In the interest of using the internet to facilitate original scientific research, I am publishing the results of my inadvertent experiment regarding the relative freezing points of various novelty sodas.
Revenge of the White Elephant
At a white elephant gift exchange a few years ago, I received a re-gifted set of novelty holiday-themed sodas created by the Jones Soda Company. They created several of these over the years. This one had pumpkin pie, cranberry, wild herb stuffing, turkey and gravy, and — sigh — Brussels sprout flavors. I never got around (or got up the courage) to sample them and they have languished in my bachelor refrigerator ever since. The reason for the “bachelor” qualifier is that it stays fairly empty and I generally keep a pretty good mental inventory of its contents. Imagine my surprise when I noticed a strange, light green liquid on the bottom.

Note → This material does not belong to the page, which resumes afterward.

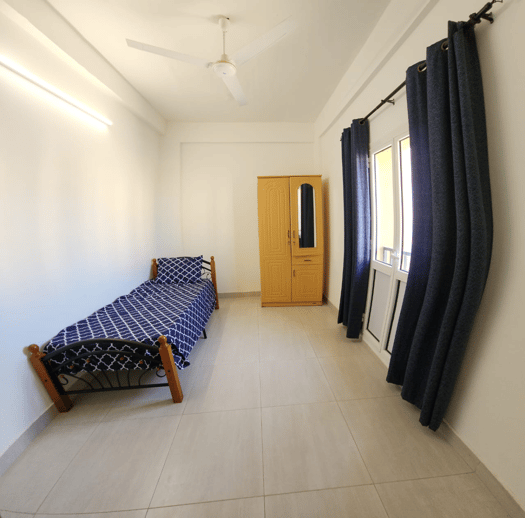 Appartement F4 meublé 3 chambres avec climatisation à PK13 Pin Saoudie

It smelled strange but I figured it was coming from a plastic container containing a friend’s homemade pickles. I removed the pickles from the equation and cleaned up the liquid. Later on, I noticed some more liquid had collected. The inside bulb is burned out (remember, bachelor fridge) so it’s a bit dark inside. However, I eventually spied a shard of clear glass.
So it seems that the Brussels sprout soda had frozen and expanded until the glass bottle could no longer contain the block. That explains the sound of crashing glass I recall hearing the night before which emanated in the general vicinity of the kitchen.
The bottle was in pretty bad shape but much of the soda was still frozen inside what remained of the bottle. That it must have been gradually melting explains why there was more fluid sometime after the initial cleanup. I immediately, but gingerly, removed the other 4 bottles for fear that they might be ready to burst as well. But none of the 4 showed any sign of freezing.
What to conclude? Either the brussels sprout soda has a significantly higher freezing point than the other 4 flavors and was adversely affected during a freak temperature drop; or the Brussels sprout soda was situated in a colder section of the refrigerator. It’s also possible that all of them were affected by the temperature event but the others didn’t make it to the breaking point before the event reversed.
I can theorize about it all day. But in the end, I need to clean it up. How does this pertain to multimedia hacking? Well, I was going to add long-overdue test cases to FATE tonight, but that may have to wait. Fortunately, I was at the end of a shopping cycle and all I had to toss were some soda-saturated bananas. I’m keeping the butter since I don’t think it was affected, much. To any coworkers reading: if my cookies taste vaguely of Brussels sprouts over the next month, then, well… I happen to know that’s the closest some of you will come to consuming a vegetable all month.
And I never got to taste the Brussels sprout soda. Actually, that’s the part about this episode that bothers me the least.